Daddy, I’m scared of the dark.
Daddy, will you hold me hand and walk me back to my room?
Her statement is unsurprising….her question though? It always catches me off guard.
She never asks me to turn on a light. She always asks me for my hand. I don’t remember when it clicked for me, but a few months ago, it became very clear that my daughter wasn’t scared of the dark.
She was scared of being alone in the dark.
Most of us aren’t scared of the darkness of grief and loss. We’re scared of being alone in that darkness.
I’ve learned this truth from Bethel as much as from my own daughter.
We met several years ago in the early months after her late husband David’s passing. I lost my brother several years prior and was introduced to Bethel through our mutual friend Faven, who lost her mother in the years between each of our losses. Grief united us. Our unintentional fluency created a safe space in the briefest of interactions.
I remember the pressure I felt when Faven introduced us. I knew everyone involved was praying I could provide Bethel with some hope. Maybe point her to some light at the end of this dark tunnel. I didn’t have much light and hope back then. The only thing I had to connect her to were four warm hands—two friends who had been widowed before the birth of their first gray hairs. They had walked along that dark path of losing a spouse at a young age, and for Bethel, that made all the difference.

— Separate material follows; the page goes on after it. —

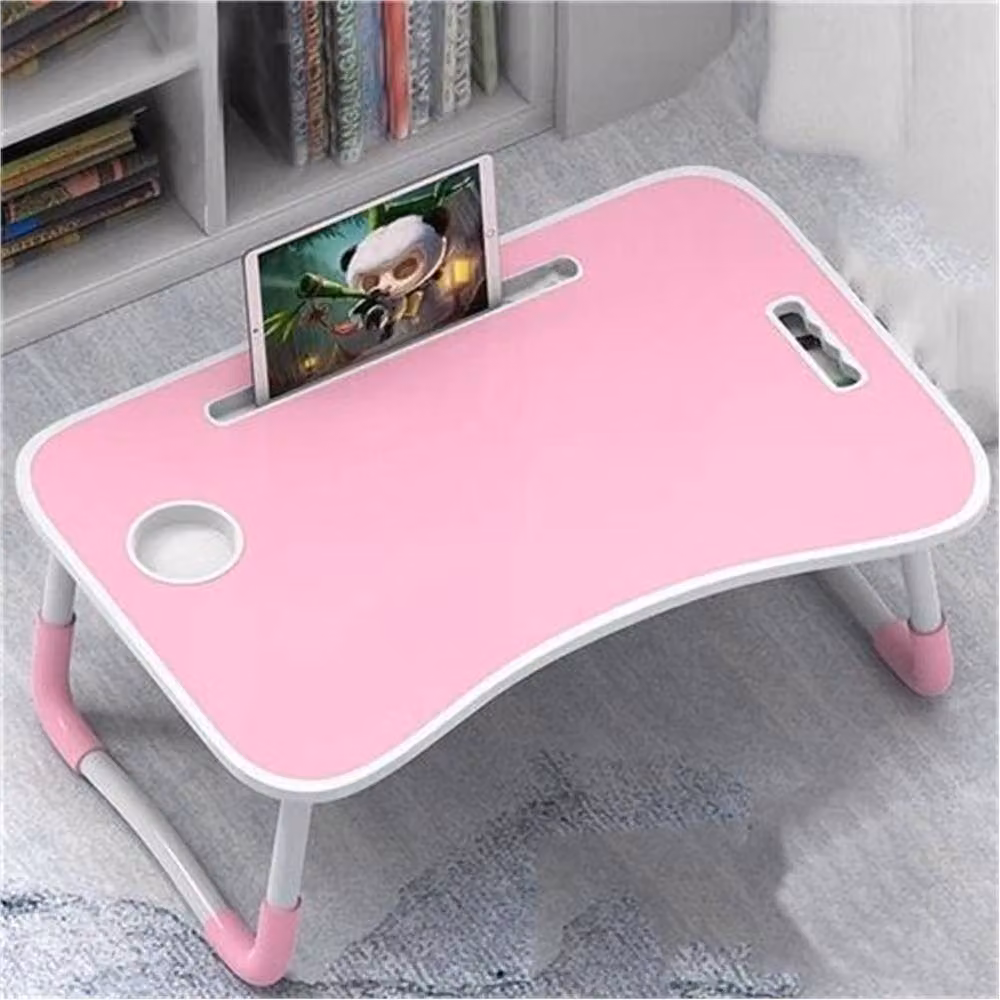 Havendro Pink Folding Laptop Bed Table with Cup Holder and Standing Desk Tray – 2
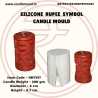 Rupees Wealth Design Pillar Silicone Candle Mould HBY397, Niral Industries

As time passed, I realized that safety was the most helpful thing for a grieving soul.
Fear of the dark isn’t solved by adding light, but by removing loneliness.

Bethel recently wrote and released a book (of which my post this week is the foreword). This book, Not a Cinderella Story, is like a warm hand to hold for anyone searching for hope in the cold darkness of grief and looking for someone to turn on the lights. Bethel knows what it’s like to be drowned in splashes of sorry for your loss. These well meaning statements are intended to bring comfort and people imagine that they bring us some light. Yet, for all the good intentions, many are unaware just how much these phrases repeatedly remind us of our otherness. Our loneliness. The fact that we have less than they do. We have less than we used to.
Our loved ones are more than our lost ones. Bethel gives us a new way forward. This book is an example of how our fluency in grief extends a hand to grievers. Instead of being content hearing sorry for your loss, Bethel shares a story of her love. Every ounce of this is warm, inviting, intimate, sacred, and holy.
With every page, I was reminded that tragedy doesn’t ruin anyone. Hopelessness does.
And as long as we have a warm hand to hold on to, we are reminded that there is more life to live. Our current story is yet an incomplete one, and if we don’t have the strength to hold on to hope, we can experience it vicariously through the warmth of another.
You may still be in the dark.
You may still be scared.
But you’re not crazy.
You are not alone.
You are human.
Thanks for holding our hands through this dark hallway Bethel.